» Records for this exercise:
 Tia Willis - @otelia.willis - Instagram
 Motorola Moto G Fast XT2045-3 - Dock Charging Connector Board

---

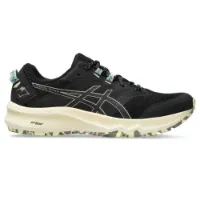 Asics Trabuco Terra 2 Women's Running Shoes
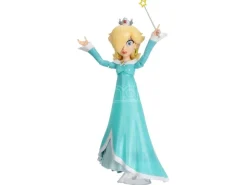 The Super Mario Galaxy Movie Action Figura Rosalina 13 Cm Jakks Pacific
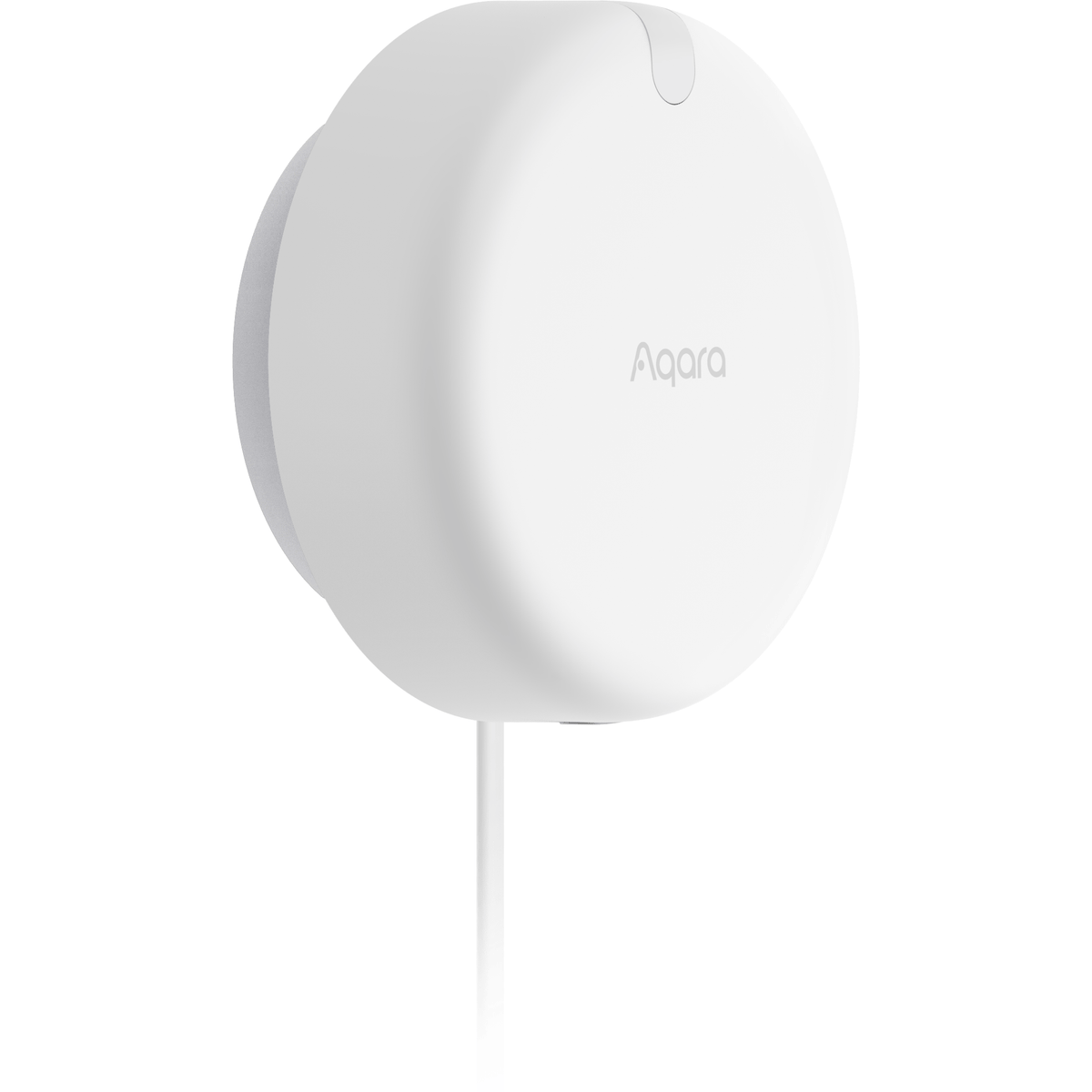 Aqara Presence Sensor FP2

» Exercise aim: Set down again, word for word, every line from the one with "Asics Trabuco Terra 2 Women's Running Shoes" to the one with "Aqara Presence Sensor FP2" in the entries above, and omit the pictures.

» Reply:
 Asics Trabuco Terra 2 Women's Running Shoes
 The Super Mario Galaxy Movie Action Figura Rosalina 13 Cm Jakks Pacific
 Aqara Presence Sensor FP2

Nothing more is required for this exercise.